#### Supplied records ####

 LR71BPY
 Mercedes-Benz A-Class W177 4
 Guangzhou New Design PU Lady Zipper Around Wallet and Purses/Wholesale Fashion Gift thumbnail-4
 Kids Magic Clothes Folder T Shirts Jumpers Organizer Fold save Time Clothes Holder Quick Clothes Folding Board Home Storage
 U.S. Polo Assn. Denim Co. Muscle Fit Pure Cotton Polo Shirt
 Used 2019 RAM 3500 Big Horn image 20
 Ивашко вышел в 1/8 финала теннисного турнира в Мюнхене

####
#### Supplied records ####

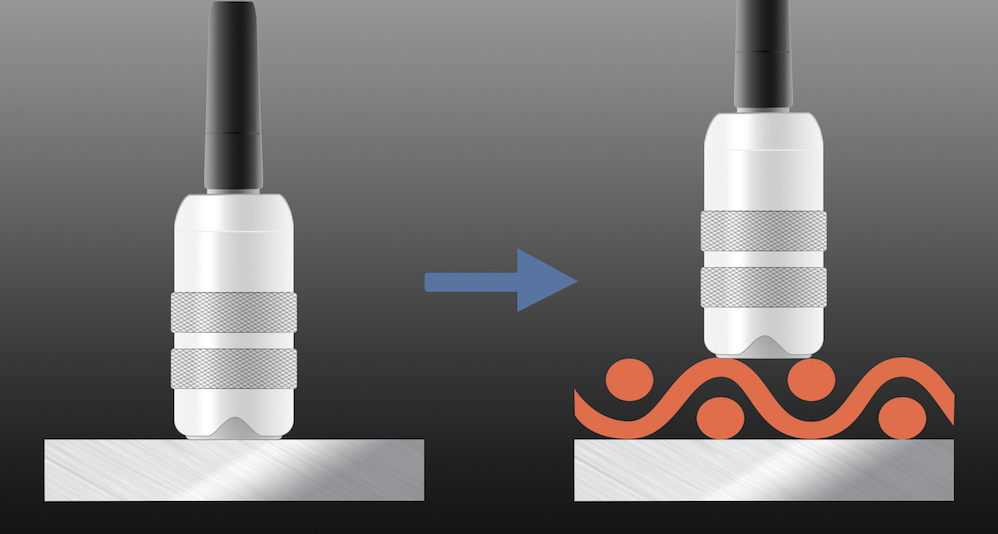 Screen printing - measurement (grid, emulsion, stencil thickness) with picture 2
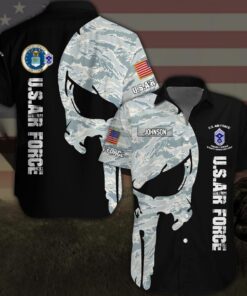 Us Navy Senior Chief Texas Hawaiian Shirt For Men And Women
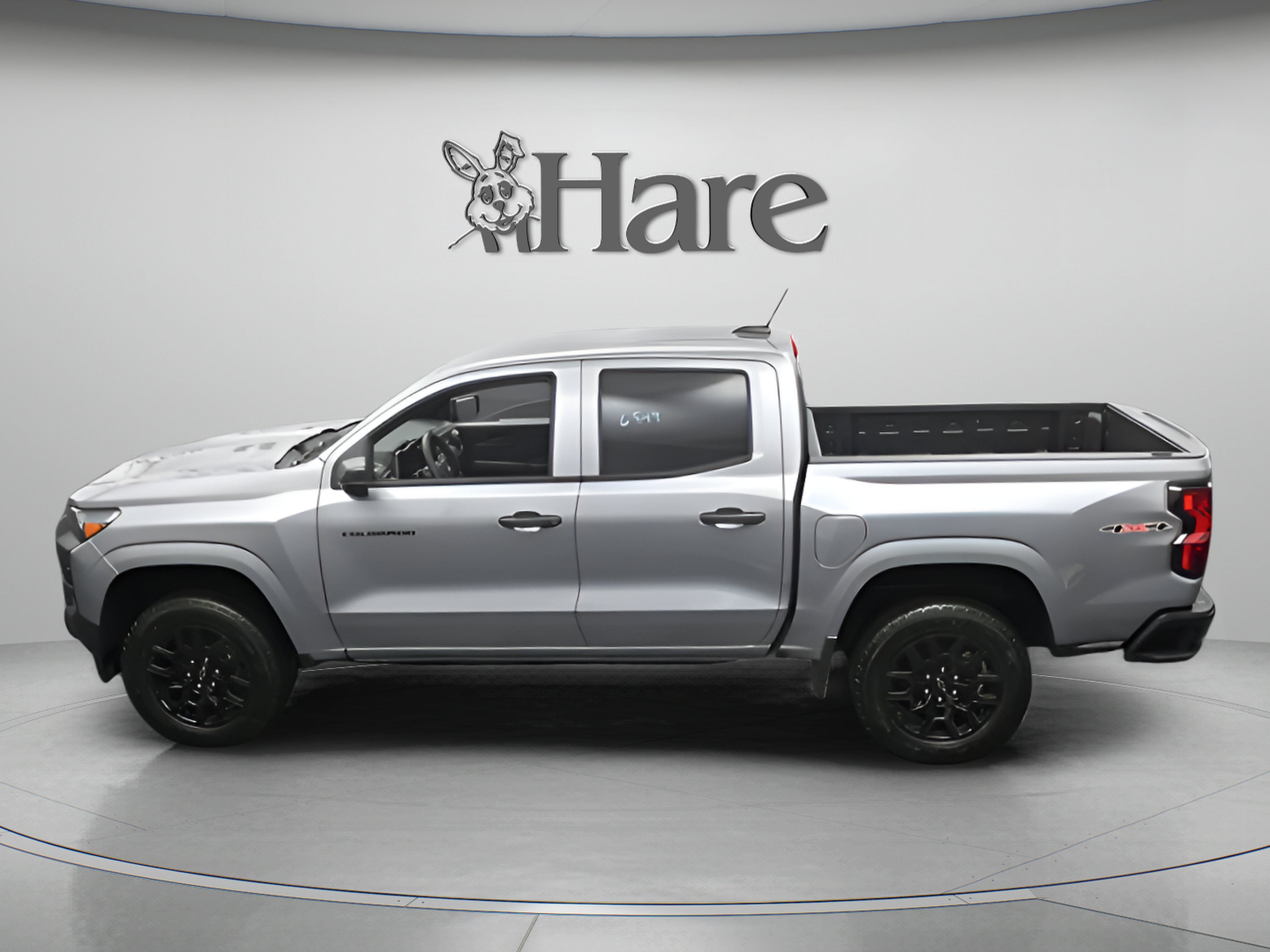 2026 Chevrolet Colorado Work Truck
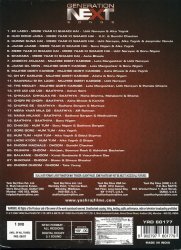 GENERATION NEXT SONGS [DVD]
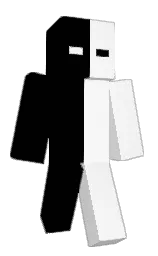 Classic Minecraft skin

####
#### Supplied records ####

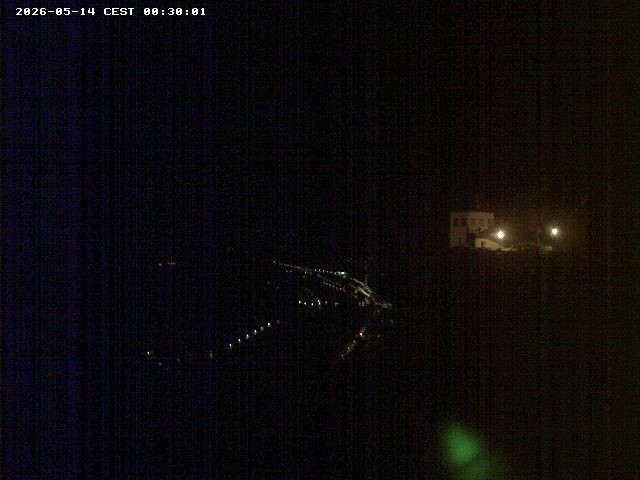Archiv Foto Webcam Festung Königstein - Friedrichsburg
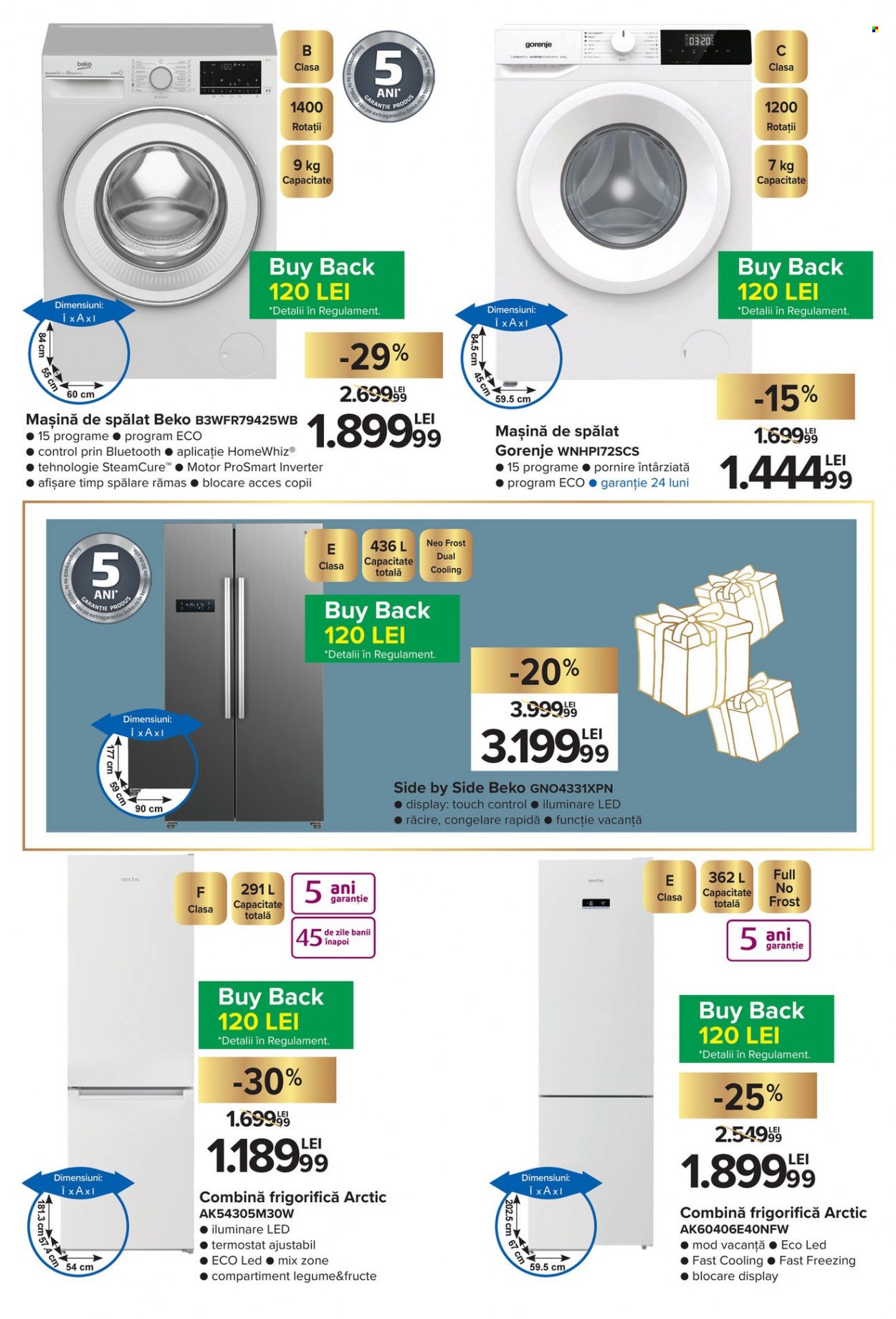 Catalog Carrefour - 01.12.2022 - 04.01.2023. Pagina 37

####

Exercise goal:
Repeat exactly the lines above, from the line that contains "Us Navy Senior" down through the line that contains "Classic Minecraft skin". Include both of those lines and none of the pictures.

Task result:
 Us Navy Senior Chief Texas Hawaiian Shirt For Men And Women
 2026 Chevrolet Colorado Work Truck
 GENERATION NEXT SONGS [DVD]
 Classic Minecraft skin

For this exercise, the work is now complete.